What is the status of Macedonian human rights 66 years later?

Today, the United Macedonian Diaspora (UMD), and the global community working to preserve, promote, and ensure equal human rights for all, marks the 66th anniversary of the Universal Declaration of Human Rights (UDHR), or International Human Rights Day. UMD encourages all Macedonians to use this opportunity to reflect on the challenges and the strides in the global human rights struggle for Macedonia and Macedonians.

UMD wishes to commend all Macedonian human rights groups in Albania, Australia, Bulgaria, Canada, Greece, Kosovo, Serbia, and the United States for their decades-long service to ensure equal rights for Macedonians in less privileged societies.
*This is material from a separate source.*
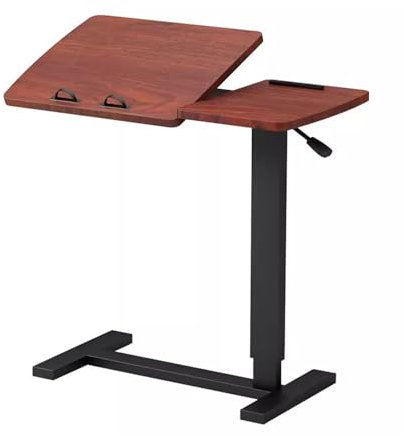 Verstellbarer kleiner Stehpult für Laptop, Massivholz, Nachttisch mit klappbarem und anhebbarem Design, mobiler Sofatisch auf dem Bett, tragbarer Heimbüro-Arbeitsplatz, ideal für Arbeit oder Studium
But our work is not done. Together, united, we can.

Nelson Mandela once said, “When people are determined they can overcome anything.”

“Macedonians were determined 111 years ago in our liberation from the Ottoman Empire, 70 years ago during the anti-fascist movement, and 23 years ago when we achieved a free, independent, and sovereign Macedonia,” said UMD Chairman Stojan Nikolov.

The challenges we face are many:

  • Although, Macedonia is a member of the United Nations Human Rights Council, the country is still known as “the former Yugoslav Republic of Macedonia” at the United Nations, NATO, and the European Union, among other international institutions. 
  • Macedonia’s leaders face internal and foreign pressure to not withdraw from the UN-led negotiations. 
  • Australia, France, Germany have yet to recognize Macedonia’s legitimate name.
  • Google Maps labels the country as “Macedonia (FYROM).” 
  • NATO and EU membership is not in close sight for Macedonia, due to Greece’s blocking. NATO and EU succumb to Greek pressure time and time again. 
  • 66 years after the UDHR, Macedonians living in Bulgaria, and Greece, are denied the most basic human rights of self-determination, assembly, speech, religious freedom, and the press. 
  • Macedonians in Albania, Kosovo, and Serbia enjoy some basic human rights but still much more to do.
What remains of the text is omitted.